Ray recalls how serendipity played a big role in early successful formation of the startup. She and Collier, a retiree who specialized in acoustics, hearing protection and environmental noise control, ran into each other at Thayer where they combined their interests in signal processing and developed their innovative technology. Their efforts to commercialize their discovery really took off when they started working with the Technology Transfer Office staff, which helped them develop a technology disclosure, secure U.S. patent protection and locate funding for their new venture.

“We marketed this technology in the usual way but had little success in attracting interest,” says Glennis Gold, assistant director, Dartmouth Technology Transfer Office. “Then we started recognizing the inventors were enthusiastic about the possibility of starting a company.”

Next, they met someone who helped them solidify their thoughts about founding a company. At the time of the encounter, Chris Pearson, a graduate of the Tuck School of Business at Dartmouth with a master’s in business administration, was focused on finding a startup opportunity through the Dartmouth Entrepreneurial Network (DEN). According to Ray, Sound Innovations might never have taken off without Pearson because he brought a business sensibility that complemented the two professors’ academic focus, and this critical contribution has helped the new company avoid a lot of the problems that cause startups to stumble.

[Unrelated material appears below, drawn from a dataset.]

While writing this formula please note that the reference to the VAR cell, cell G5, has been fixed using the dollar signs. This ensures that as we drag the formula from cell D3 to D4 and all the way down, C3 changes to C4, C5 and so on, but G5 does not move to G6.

“I knew I wanted to start a business so I was working with several teams at DEN,” says Pearson, who is now the chief executive officer at Sound Innovations. “Since I was focused on finding a startup company through DEN, I was introduced to Dr. Ray. We started to work together, built a small team and matured an early stage technology into a product and other technologies.”

Elements of Success

Both Ray and Pearson credit the successes to date to some key elements:

• A common willingness to take risks

• The ability to make the right contacts and attract students/employees at the right time

• An early link they established between the business and scientific side of their endeavor

“Dr. Ray isn’t caught up with control, and I’m willing to spend time on developing a company,” says Pearson. “These key ingredients don’t always come together in an academic spinout company.

“It’s important to remember that commercialization and research are two different worlds. Unless you’ve been involved on the business side of taking a product to market, it can be a difficult process for academic professors to understand.”

But learning about the commercialization process is exactly what Ray finds so interesting — it’s a new level of knowledge that she feels will help make her a more valuable resource to her students at Dartmouth.

“I feel like the many hats that I wear at Sound Innovations keep me connected to the real world,” she says. “For example, it’s been a true learning experience to understand our customers — 17- and 18-year-old soldiers aren’t interested in their hearing when they need to focus on survival. Our challenge has been to find a way to enable them to focus and protect their hearing, all at the same time.”

The Sound Innovations team is well on its way to developing the next generation of aviation communications headsets that rely on their patented digital-signal processing methods for active noise reduction that cancel noise by producing diametrically opposed sounds. They’re also developing proprietary chip and electronic designs and innovative mechanical designs for advanced noise reduction and communication products. These products are expected to improve the work environment of active-duty soldiers and industrial workers by protecting and enhancing their hearing, allowing clear, two-way communication in noisy environments and enabling them to effectively listen to sounds from a distance.

“In the case of Sound Innovations, we were right to support this spinout that needed latitude to build a business and it’s worked out so beautifully,” Gold says. “The inventor was able to pair herself with the right manager and team to help commercialize this licensed Dartmouth technology that shows great promise of benefiting the public, exactly the kind of realization envisioned in the Bayh-Dole Act.”